In the listing below, find the line containing "Pantalon magique L'Unique" and the line containing "White clapboard cape", then copy exactly everything from the first through the second, except the pictures.

● **RECORDS SUPPLIED**:

☆ ☆ ☆ ☆

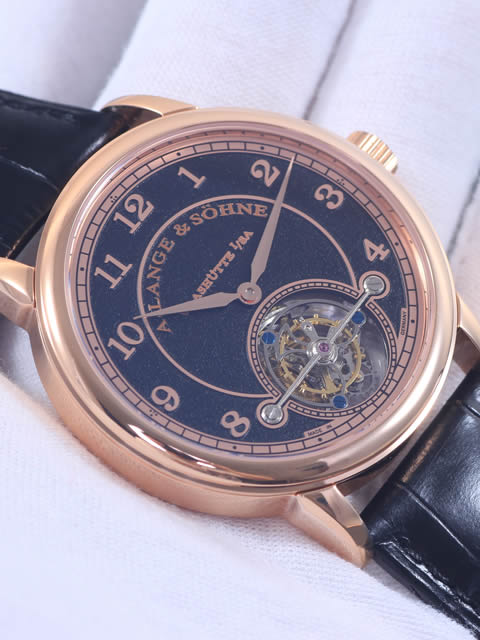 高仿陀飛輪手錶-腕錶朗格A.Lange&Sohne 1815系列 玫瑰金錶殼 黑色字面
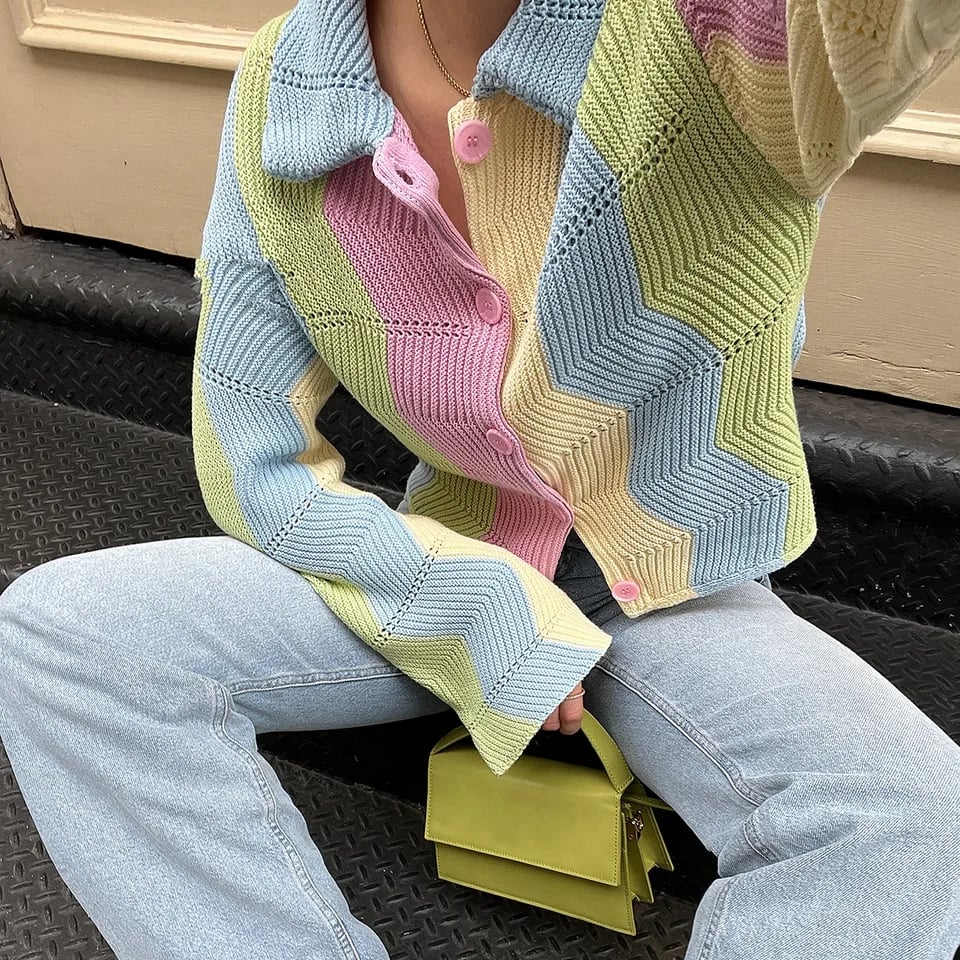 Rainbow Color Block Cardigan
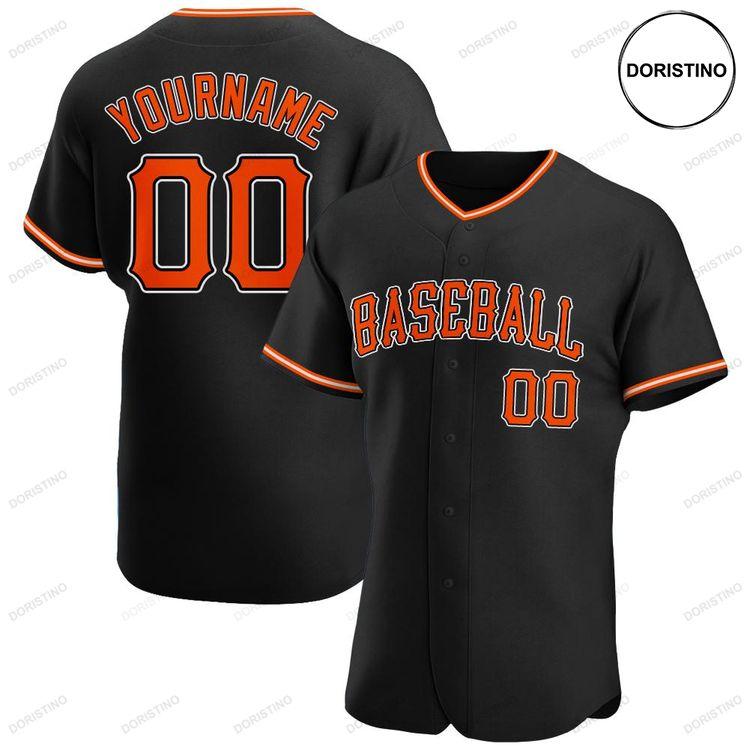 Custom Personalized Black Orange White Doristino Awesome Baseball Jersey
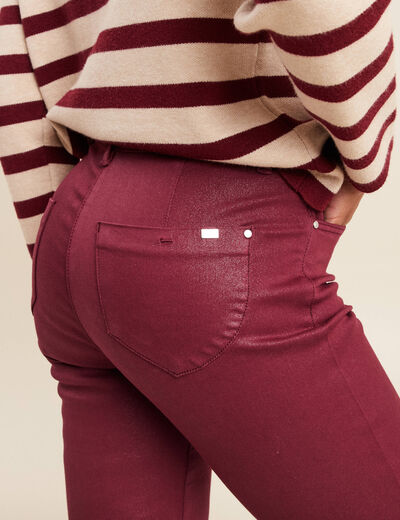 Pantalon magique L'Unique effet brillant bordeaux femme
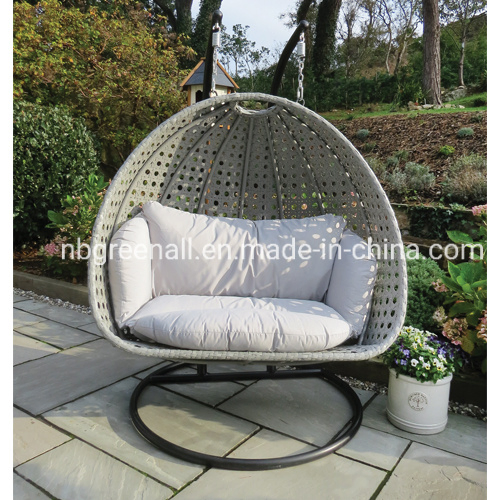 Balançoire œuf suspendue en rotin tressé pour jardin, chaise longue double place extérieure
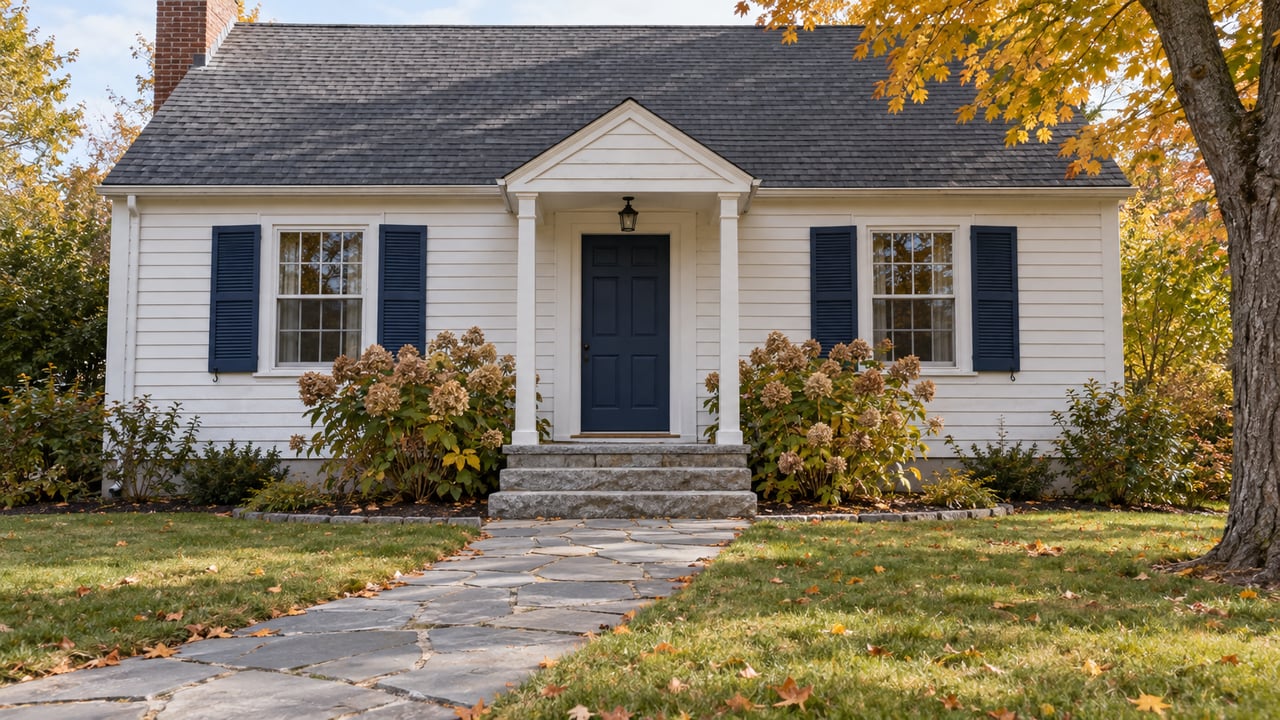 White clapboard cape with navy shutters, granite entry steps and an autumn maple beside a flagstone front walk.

☆ ☆ ☆ ☆

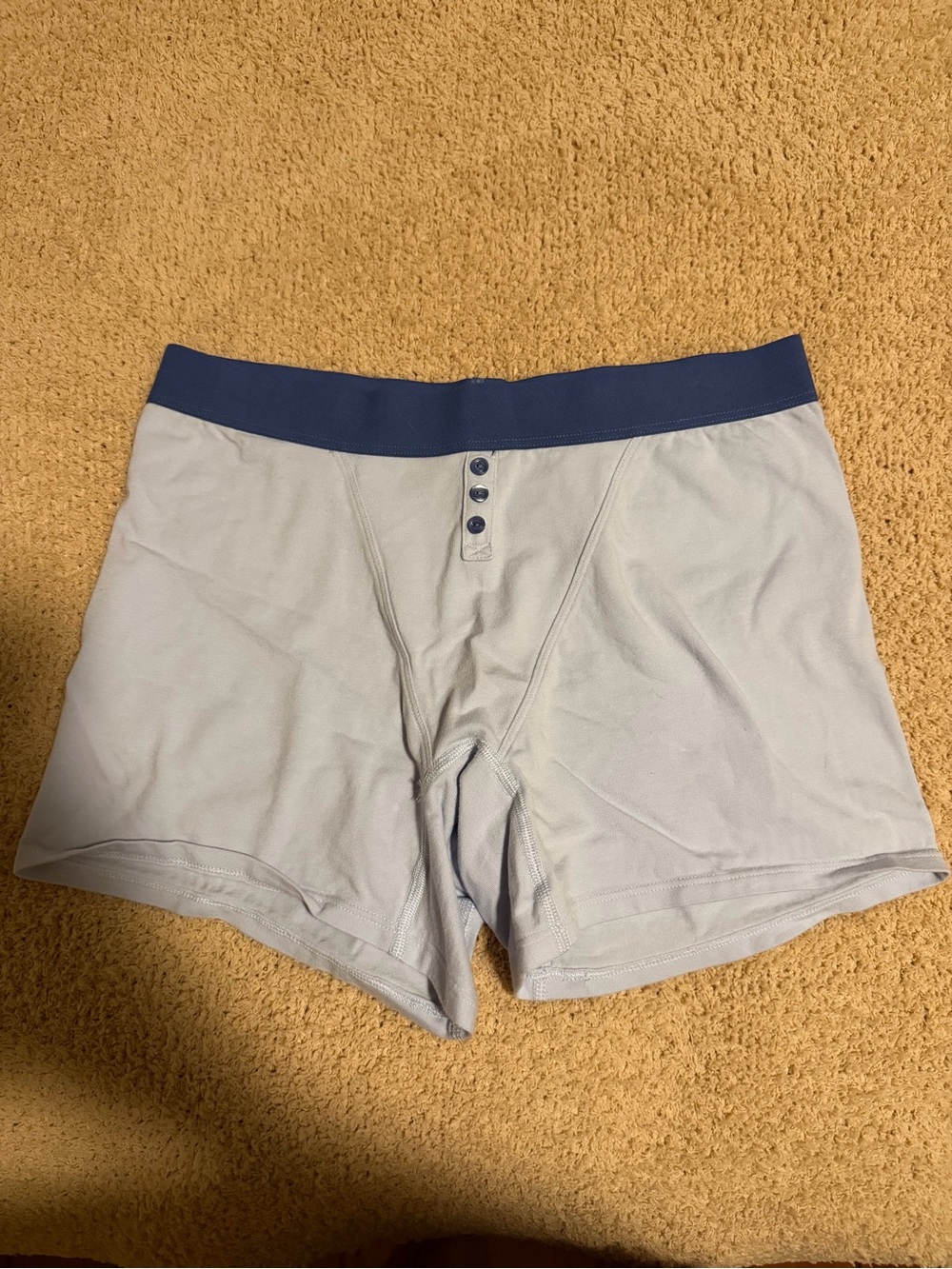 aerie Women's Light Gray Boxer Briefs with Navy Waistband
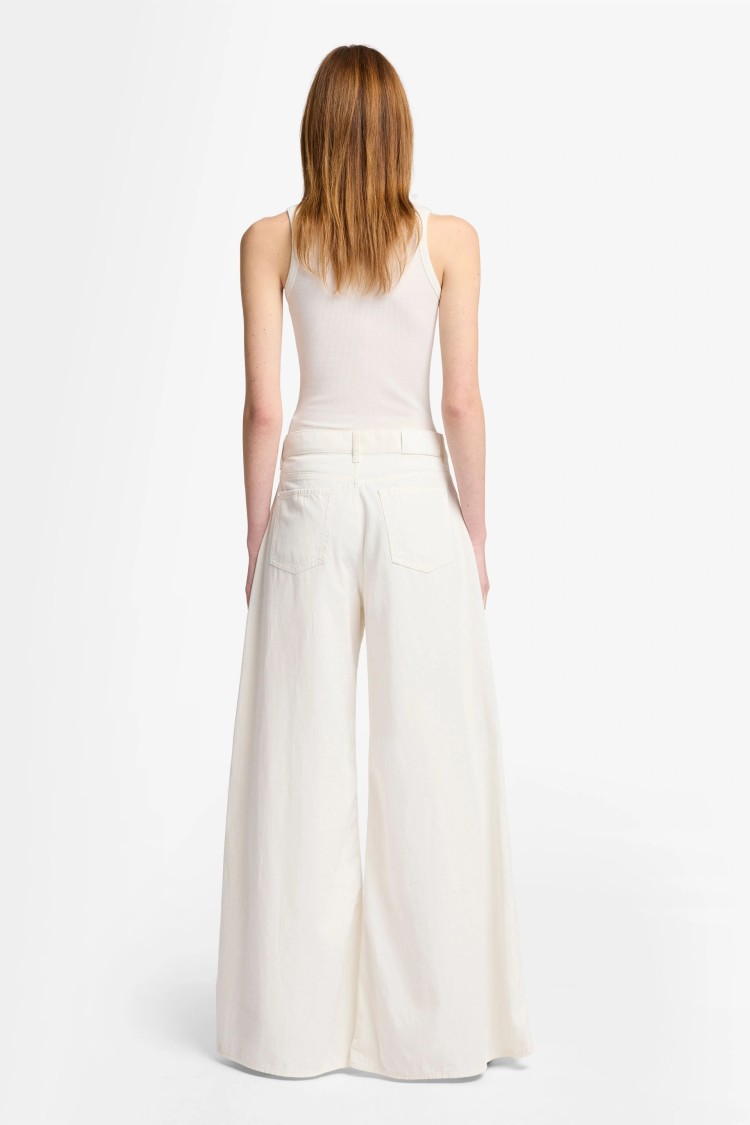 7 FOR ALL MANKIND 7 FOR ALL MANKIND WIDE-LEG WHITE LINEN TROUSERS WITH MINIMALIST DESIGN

☆ ☆ ☆ ☆

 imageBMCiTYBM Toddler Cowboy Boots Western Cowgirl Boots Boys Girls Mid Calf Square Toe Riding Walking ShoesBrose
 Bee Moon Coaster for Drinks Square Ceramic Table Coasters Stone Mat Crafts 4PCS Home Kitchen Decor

☆ ☆ ☆ ☆

● **SOLVED EXERCISE**:
 Pantalon magique L'Unique effet brillant bordeaux femme
 Balançoire œuf suspendue en rotin tressé pour jardin, chaise longue double place extérieure
 White clapboard cape with navy shutters, granite entry steps and an autumn maple beside a flagstone front walk.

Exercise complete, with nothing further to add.